▶ [Material for the task]
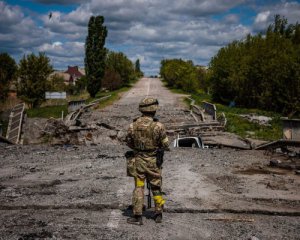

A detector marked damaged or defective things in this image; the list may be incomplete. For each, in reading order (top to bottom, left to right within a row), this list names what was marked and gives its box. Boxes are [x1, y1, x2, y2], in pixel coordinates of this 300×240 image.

cracked asphalt [0, 78, 300, 239]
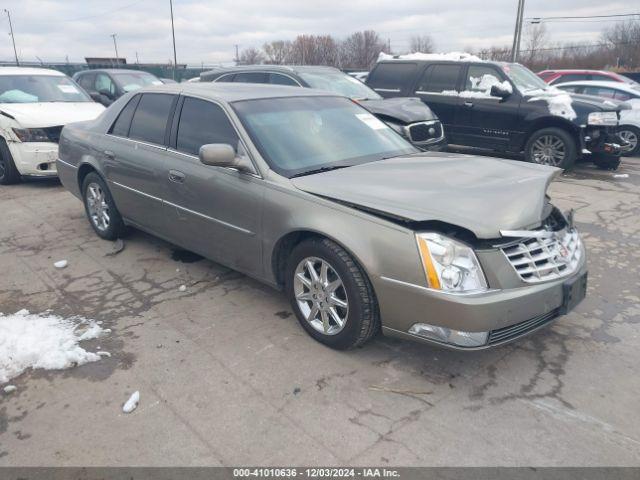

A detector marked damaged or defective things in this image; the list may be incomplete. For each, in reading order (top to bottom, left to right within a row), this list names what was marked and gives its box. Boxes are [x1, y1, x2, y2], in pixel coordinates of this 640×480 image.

cracked pavement [1, 158, 640, 464]
damaged cadillac dts [57, 84, 588, 350]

▶ [What you need to do]
Write out the whole listing above exactly; do not include the pictures.

▶ [Written answer]
A detector marked damaged or defective things in this image; the list may be incomplete. For each, in reading order (top to bottom, left to right within a row), this list names what was marked and gives its box. Boxes are [x1, y1, x2, y2], in pixel coordinates of this 300×240 image.

cracked asphalt [0, 78, 300, 239]

A detector marked damaged or defective things in this image; the list may be incomplete. For each, in reading order (top to bottom, left to right within a row), this list names what was marked and gives its box. Boxes are [x1, y1, x2, y2], in pixel coordinates of this 640×480 image.

cracked pavement [1, 158, 640, 464]
damaged cadillac dts [57, 84, 588, 350]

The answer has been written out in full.